PM-elect Imran Khan has taken oath as the 22nd prime minister of Pakistan at a ceremony being held at the President House.
Khan, who outvoted opposition and PML-N candidate Shahbaz Sharif in the PM’s election on Friday, was administered his oath by President Mamnoon Hussain. The oath-taking ceremony, which was scheduled to begin at 9:30am, started a little after 10am.
Clad in a black sherwani, the prime minister-elect arrived at the Aiwan-e-Sadr (the President House) in Islamabad from his Banigala residence. His wife Bushra Imran had already arrived for the ceremony.
The ceremony commenced with the national anthem, followed by recitation of verses from the Holy Quran.
High-profile guests including caretaker Prime Minister Nasirul Mulk, National Assembly Speaker Asad Qaiser, Army Chief Gen Qamar Javed Bajwa, Air Chief Marshal Mujahid Anwar Khan and Naval Chief Admiral Zafar Mahmood Abbasi are present at the ceremony.
Other notable guests present at the Aiwan-e-Sadr include senior PTI leaders, former Indian cricket star Navjot Singh Sidhu, cricketer-turned-commentator Rameez Raja, legendary paceman Wasim Akram, newly elected Punjab Assembly Speaker Chaudhry Pervez Elahi, singers Salman Ahmed and Abrarul Haq, actor Javaid Sheikh and former National Assembly speaker Dr Fehmida Mirza.
The invited guests, which include politicians, cricketers and celebrities, were told to be at the venue at 9:15am. The event was scheduled to begin at 9:30am.
Khan, who famously captained the national cricket team to World Cup glory in 1992, has also invited some of his former teammates to witness his formal ascension to the top ministerial job in the country.
According to the programme outlined on the invitation cards, the ceremony will begin with the national anthem, following which the cabinet secretary will seek permission from the president to commence the ceremony.
Next up will be recitation (tilawat) of the Holy Quran, after which the oath will be administered and documents signed.
The guest have been asked to carry their NIC or accreditation cards but not to bring with them any handbags, purses, mobiles phones or any other electronic gadgetry.
The work begins
After the Pakistan Tehreek-e-Insaf (PTI) emerged as the biggest parliamentary party in the wake of the July 25 polls, all 120 of the party’s parliamentary committee members rubber-stamped Khan’s candidacy for the post of the prime minister.
The party formed enough alliances and recruited enough independents to gain the numbers required to get Khan elected as the PM in Friday’s parliamentary vote.
Khan and his party campaigned on promises to end widespread graft while building an “Islamic welfare state”.
“First of all, we will start strict accountability.
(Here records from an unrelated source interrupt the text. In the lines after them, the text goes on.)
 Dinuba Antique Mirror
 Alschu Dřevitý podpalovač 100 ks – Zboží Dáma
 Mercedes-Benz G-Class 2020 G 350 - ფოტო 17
I promise to my God that everyone who looted this country will be made accountable,” he said in his speech as PM-elect on Friday.
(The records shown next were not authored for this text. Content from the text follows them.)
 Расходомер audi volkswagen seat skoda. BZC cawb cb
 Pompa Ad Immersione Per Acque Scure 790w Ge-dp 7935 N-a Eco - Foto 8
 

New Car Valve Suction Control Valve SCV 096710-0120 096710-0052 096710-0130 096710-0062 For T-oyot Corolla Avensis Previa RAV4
PTI candidates were also voted speaker and deputy speaker of the National Assembly this week, putting Khan in a strong position to carry forward his legislative agenda.
He will face myriad challenges including militant extremism, water shortages, and a booming population negating growth in the country, among others.
Most pressing is a looming economic crisis, with speculation that Pakistan will have to seek a bailout from the International Monetary Fund.
Khan will also have to contend with the same issue as many predecessors: how to maintain a power balance in civil-military relations.